As recorded by Bede, and never successfully disputed by modern historians, the Anglo-Saxons were conquerors and settlers in England, which takes its name from them (not the other way round).  The Vikings (chiefly Danish) were ethnically the same people as the few thousand Normans who came in the wake of William the Conqueror and both were virtually the same as the Anglo-Saxons.  To all intents and purposes the English were a completely defined people by the 12th century, living within precisely defined national and even county boundaries, which barely changed from the 10th century to the 20th.

Such immigrations as occurred after were a tiny trickle by current standards: Flemish in the 13th century, Huguenots in the 17th century, perhaps 60,000 in total or 1% spread over 400 years, north European people, almost the same ethnically as the English, speaking languages which constitute the two main ingredients of modern English and after one generation assimilated into the English population.

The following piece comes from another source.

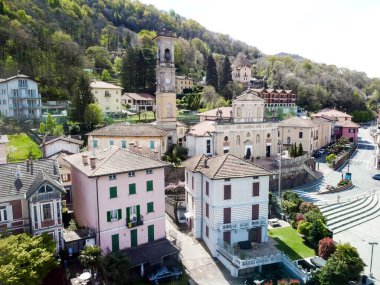 Porto Ceresio, Varese, Lombardy, İtalya - 24 Ağustos 2018: Porto Ceresio 'nun İtalya' nın Ceresio Gölü kıyısındaki şehir manzarası. Yüksek kalite fotoğraf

Despite these undoubted and easily ascertainable facts, there has been an audacious, shameless, concerted attempt in some media and educational circles to disrupt the native English people’s sense of their own identity – as I have illustrated with one example from literally hundreds I have noted over the last 30 years – in favour of an all-powerful multiculturalism, which means in practice depriving English children – the great majority – of their inheritance.

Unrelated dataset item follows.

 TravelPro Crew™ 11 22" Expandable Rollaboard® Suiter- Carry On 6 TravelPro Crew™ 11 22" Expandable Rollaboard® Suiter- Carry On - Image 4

In November 1939 the Cabinet was provided with an estimate of the total number of non-European people in Britain amounting to 7,000 or 0.015%, mostly around the ports.  In fact even allowing for the 50,000 or so Russian-Jewish refugees in the 1890s and the 40-50,000 German-Jewish refugees in the 1930s, England and the British Isles as a whole constitute, over the 10 centuries up to 1939, 30 generations, one of the most stable, least immigrated of all nations, matched in this regard only by Japan, another island nation.  Since then, the non-European population has been allowed to grow from this miniscule figure to around 10% today and 20% projected for 2050.

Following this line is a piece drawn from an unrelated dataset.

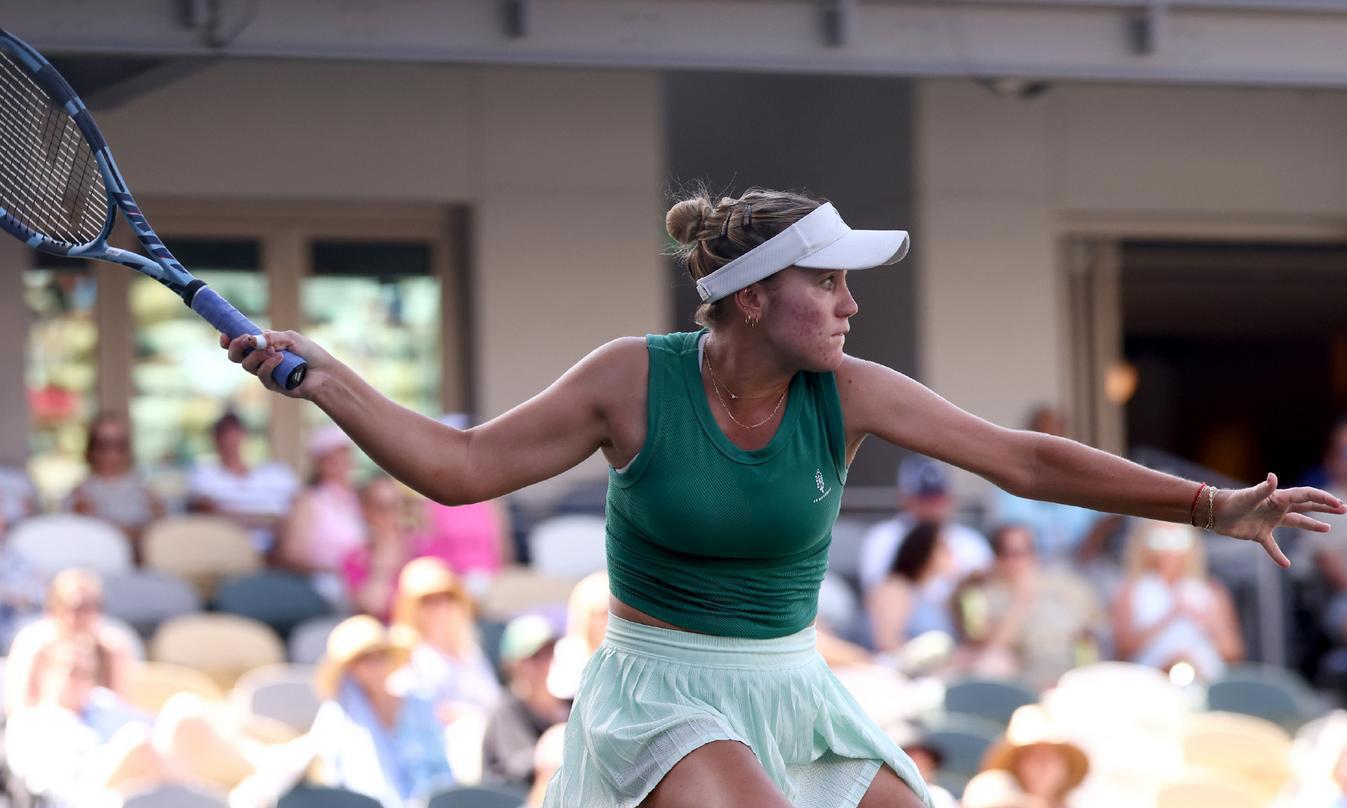 惊天一幕!女子网球比赛意想不到 惊天一幕!女子网球比赛意想不到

Multicultural divisiveness

One of the dramatic victories notched up by the multicultural warriors was the ruining of the career of a Bradford headmaster who had dared in 1986, in a relatively obscure journal, to question the motives and methods of those who would champion the supposed identity needs of Pakistani Asian school children at the expense of their learning about British life and specifically Britain’s history, its constitution, laws, even its language.

The multiculturalist view is that immigrants need to be reminded of their racial and national origins at all times and that British laws should be changed to accommodate their differences from the native population.  In fact English/Western culture is so colossal in literature, science, industry, design, the arts, public life, that it would take a lifetime to absorb.  There is no space in English state education for non-Western cultures.

Here we may note how the most successful immigrant country of all time – the United States of America – handled these matters over the 134 years of its unrestricted immigration period (1787-1921).  At all times the US and individual State governments sought to limit the fissiparous effects of having a multitude of languages and races, by grounding state education in the English language, the laws inherited from the English colonies, and an undivided unhyphenated American patriotism[25].

In fact the certificate of naturalization required an oath not only to support the Constitution of the United States, but also a renunciation of “all allegiance and fidelity to every foreign prince, potentate and sovereignty whatever, particularly Queen Victoria” in the case of British subjects.